Being his accomplice means not only actively helping him by being the perfect wife; it also means willing oneself not to see things, preferring to ignore, forget, and not make certain connections. In the life of an intelligent woman, we can only assume that this causes great tension: "Yo preferí no saber lo que hacía Andrés" (55); "...ya de regreso se me habían olvidado." (69); "Así que olvidé a los Maynes" (72); "...me olvidé de los doce campesinos" (78). The word "olvidar" appears with startling frequency throughout the novel, as Catalina chooses to forget what goes on just outside the borders of the text. Catalina is also supported by others who would rather not know things, like her father: "Por supuesto no le contaba yo nada. El no quería que le contara, por eso se ponía a hablarme como a una niña que no debía crecer..." (58). The connection between knowledge and growth is clear here; she is supposed to not know and certainly not discuss these things; she is supposed to remain a child.

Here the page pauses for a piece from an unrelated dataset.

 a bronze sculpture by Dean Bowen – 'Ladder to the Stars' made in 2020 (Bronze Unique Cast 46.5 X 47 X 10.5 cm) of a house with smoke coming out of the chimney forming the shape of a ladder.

But Catalina cannot defend herself by saying she simply never knew or she forgot. There are moments in the book where she reveals herself not just to be implicated in his crimes by her acts of omission, but when she actually receives pleasure from these crimes. Speaking of her husband, the general: "Tenía unas manos grandes. Me gustaban tanto como les temían otros. O por eso me gustaban. No sé." (63). After Andrés carries off a young girlfriend of his daughter, setting her up on a ranch near Jalapa, Catalina responds defensively, instead of identifying with the pain of the girl and with that of the mother, a woman very similar to Catalina herself:

A mí no me dio coraje, qué coraje me iba a dar, si toda la familia Ibarra sigue cargando con la vergüenza. Esos días hasta los disfruté. Me daba risa: que el general se robó a la compañera de Marta y que la mamá se está volviendo loca. (71) When speaking to Andrés, she states her position outright: "...y quítame a los guardaespaldas. No valen lo que les pagas. De todos modos yo juego en tu equipo y tú lo sabes" (84).

Yet Catalina does not "play on his team"; she wants to play on both teams and commit to neither. For as much as she is the official accomplice, benefiting from Andrés' crimes, she also is a spy, observing, ridiculing and then exposing the inner workings of the government and her marriage. The tension that results from her ambiguous position both inside and outside the circle of power - and her ambivalence about this position - creates a compelling and complex protagonist who demands a careful reading.

Alice Edwards, Ph.D.
Mercyhurst College,
Erie, Pa.

Bibliography

Bartra, Eli, et al. Feminismo en México, ayer y hoy. Prólogo de Angeles Mastretta. México: Molinos de viento, 2000.

Franco, Jean. Plotting Women: Gender and Representation in Mexico. New York: Columbia University Press, 1989.

Franco, Jean. "From Romance to Refractory Aesthetic". In Latin American Women's Writing: Feminist Readings in Theory and Crisis. Eds. Amy Brooksbrank Jones and Catherine Davies. Oxford: Clarendon Press, 1996. 226-237.

García, Kay. Broken Bars: New Perspectives from Mexican Women Authors. Albuquerque: University of New Mexico, 1994.

Llarena, Alicia. "Arráncame la vida: El universo desde la intimidad." Revista Iberoamericana 59 (1992): 465-475.

Mastretta, Angeles. La pájara pinta. Mexico: Edicones Altiplano, 1978.

Mastretta, Angeles. Arráncame la vida. Mexico: Cal y Arena, 1985.

Mastretta, Angeles. Mujeres de ojos grandes. Mexico: Cal y Arena, 1990.

Mastretta, Angeles. Puerto Libre. Mexico: Cal y Arena, 1993.

Mastretta, Angeles. Mal de amores. Mexico: Cal y arena, 1996.

Mastretta, Angeles. Ninguna eternidad como la mía. Mexico: Cal y arena, 1999.

Schaeffer, Claudia. Textured Lives. Tucson: University of Arizona Press, 1992.

Sefchovich, Sara. México: País de ideas, país de novelas. Mexico: Grijalba, 1987.

Steele, Cynthia. Politics, Gender and the New Mexican Novel 1968-88. Austin: University of Texas Press, 1992.

Teichmann, Reinhard. De la Onda en adelante. Mexico: Editorial Posada, 1987.